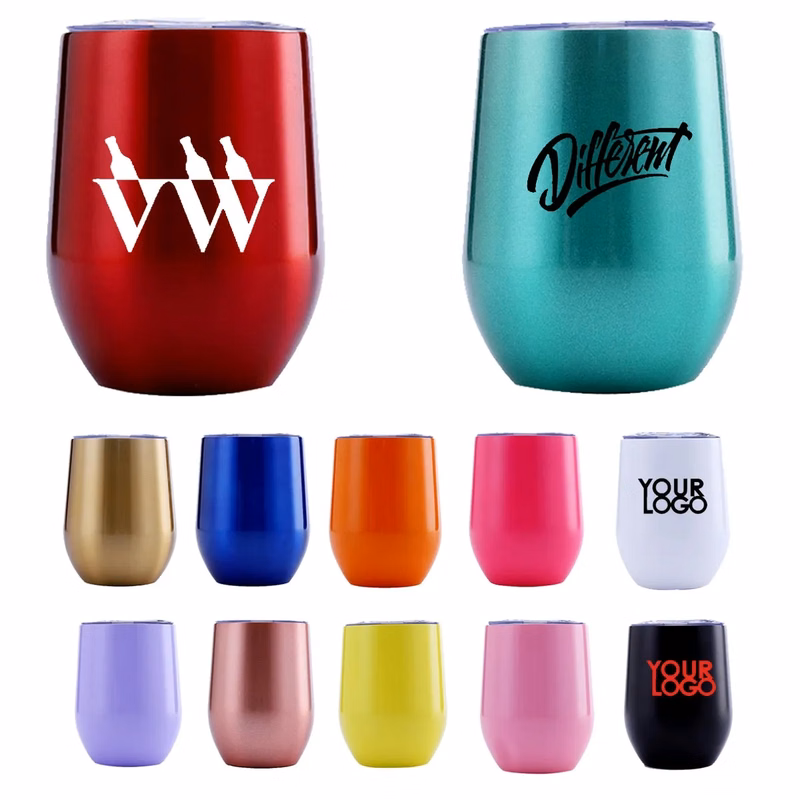 12 oz Coffee Mug Wine Insulated Tumblers With Lids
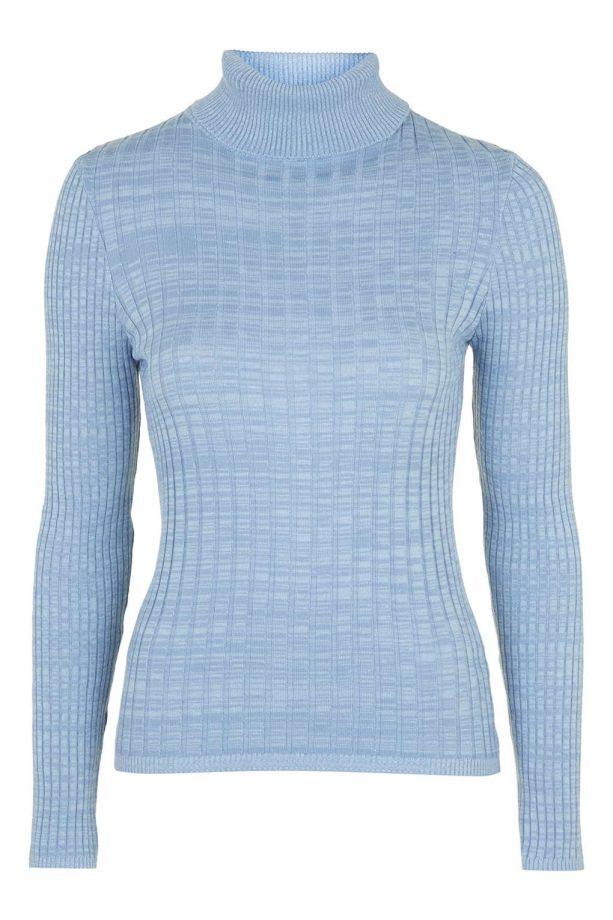 Topshop Blue Ribbed Polo Neck £25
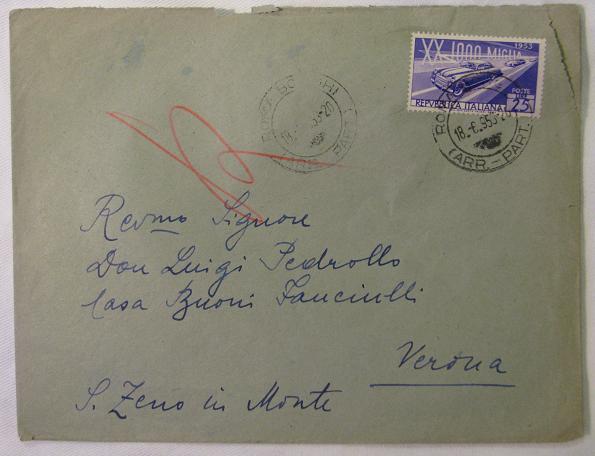 1953 Mille Miglia envelope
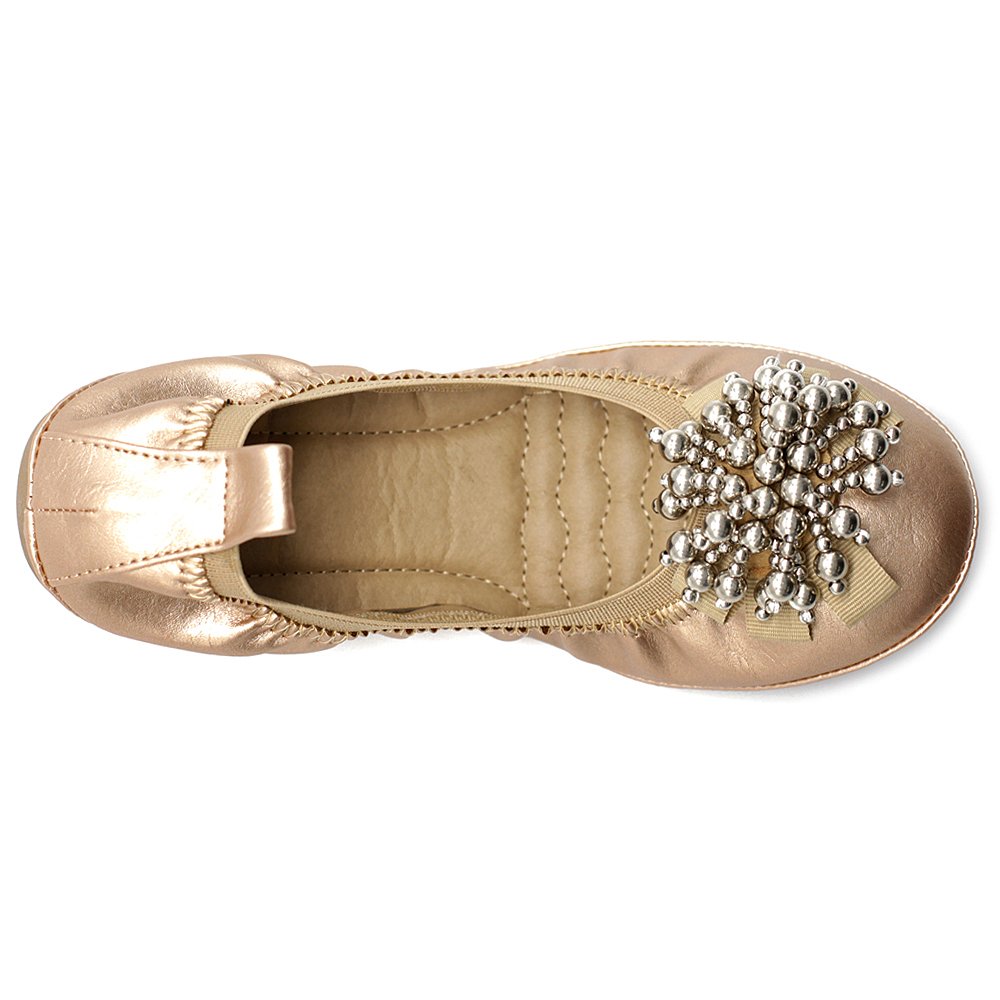 Ollio Women's Ballet Flats - Soft Comfortable Dance Shoes with Silver Bead Accent for Ballet, Dance Class, Wedding, and Casual Wear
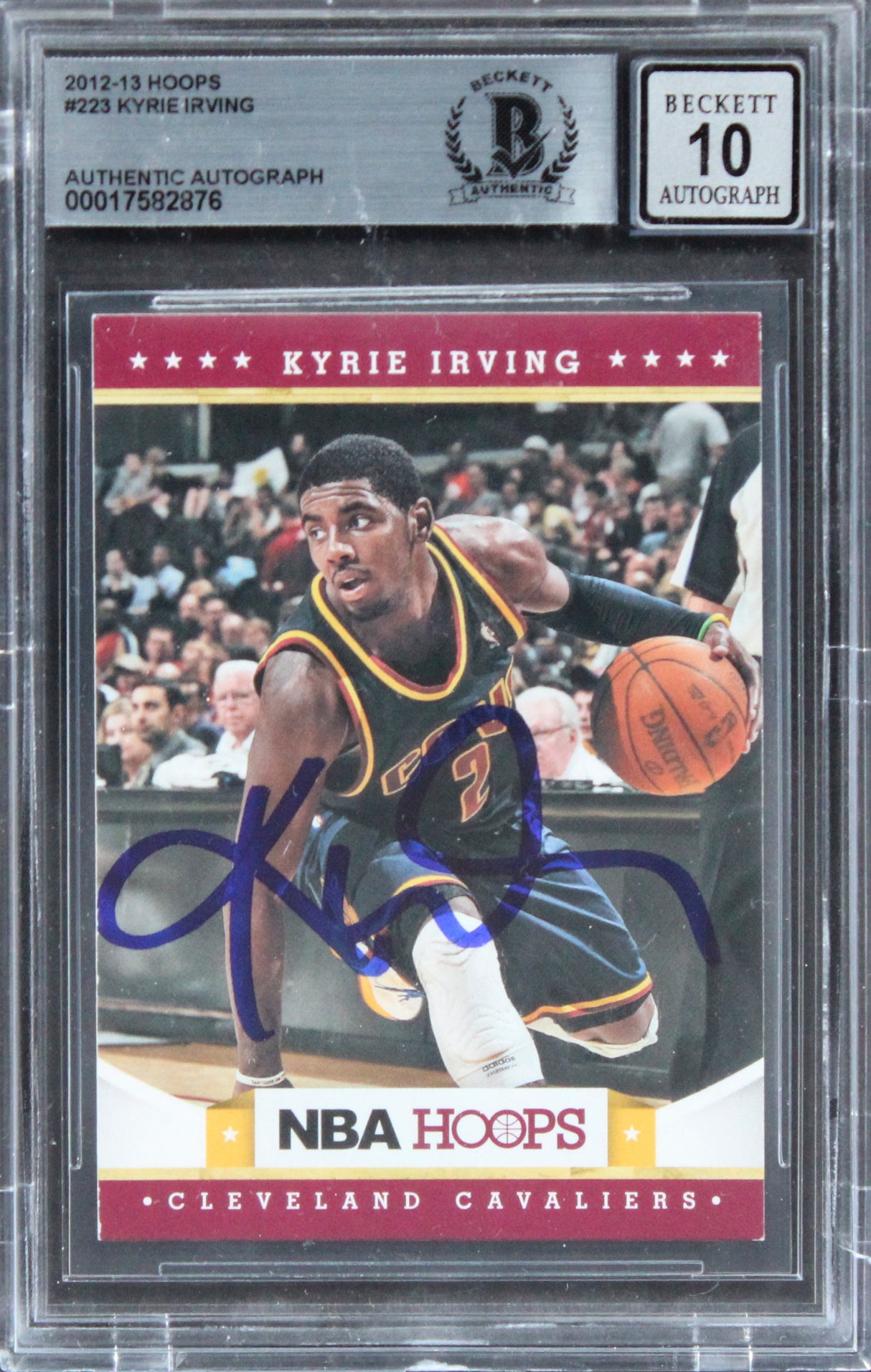 Cavaliers Kyrie Irving Signed 2012 Hoops #223 Rookie Card Auto 10! BAS Slabbed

########

**Exercise directions**
Apart from the pictures, every line above must be printed exactly.

**Result of this task**
 12 oz Coffee Mug Wine Insulated Tumblers With Lids
 Topshop Blue Ribbed Polo Neck £25
 1953 Mille Miglia envelope
 Ollio Women's Ballet Flats - Soft Comfortable Dance Shoes with Silver Bead Accent for Ballet, Dance Class, Wedding, and Casual Wear
 Cavaliers Kyrie Irving Signed 2012 Hoops #223 Rookie Card Auto 10! BAS Slabbed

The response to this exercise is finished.